From: Joshua Scholar
Subject: Re: [Tinycc-devel] Almost added a feature, but I broke things
Date: Thu, 24 Dec 2020 08:33:53 -0800

It took me a while to understand your post, I've been up all night debugging.  And I've isolated my bug... 

Anyway, I see what you did, and it's cool, but it doesn't match my use-case which is for built in compiler, they call them "jits" these days, although what I want isn't technically a jit.
I mean more of a system where you can keep adding code even as the old code is still running, the sort of thing that used to be more popular with languages like Lisp, or Smalltalk or Forth.  That's not called a jits generally let programs be interpreted for a while and then compile code while it's running.  These old languages compiled code as soon as it was entered, it's just that you could add code without deleting the data that was already there, and in the case of the more interactive systems, you could even have some of the code already running while you're adding to it.  And there wasn't an inherent distinction between the development environment or even the windowing system and the user's code.  I once saw someone change how selected text is rendered in a Smalltalk system by changing the editor's code from within the editor.

That's the sort of system where you don't want all your source code concatenated and compiled at once like you're doing, you want to compile a bunch of tiny routines and have them access each other.

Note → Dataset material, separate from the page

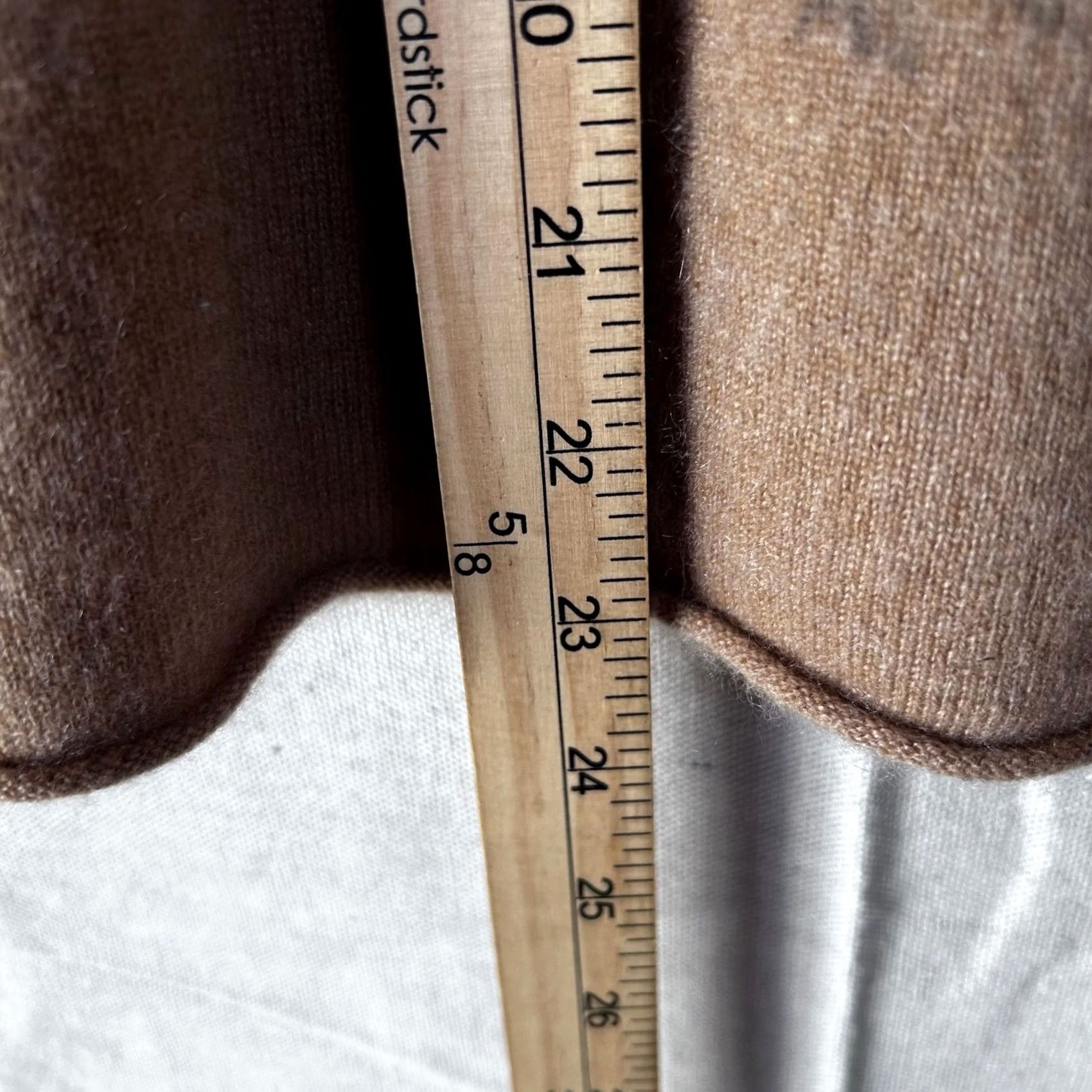 Vintage J. Crew Collection Cashmere Sweater XS Camel Tan Crewneck Long Sleeve 100% Size XS / US 0-2 / IT 36-38 - 6 Thumbnail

Actually I can see there's a problem with the run time system in that case, because you want routines to share run time code that's already sitting in memory, not link to a new run time system each time.

C isn't designed for that.

I asked about that before and didn't get an answer, probably because what I was imagining is so foreign to how C works.

C isn't designed to link to a run time system once, and then slowly add more routines to a live system, reusing the symbol table for the existing run time and the already compiled routines.  

I guess I'm going to have to replace the runtime code with stubs that share.

But I can see a use for some of what you're doing, concatenating header files and doing any preprocessing on them only once.  A kind of not very sophisticated precompiled header.

Josh Scholar

On Thu, Dec 24, 2020 at 7:39 AM Kyryl Melekhin <k.melekhin@gmail.com> wrote:
>I figured a lot of people would like, that >libtcc can hold a virtual read-only file >system, so that you don't actually need to >have an include, lib and libtcc directory for >a project to use libtcc.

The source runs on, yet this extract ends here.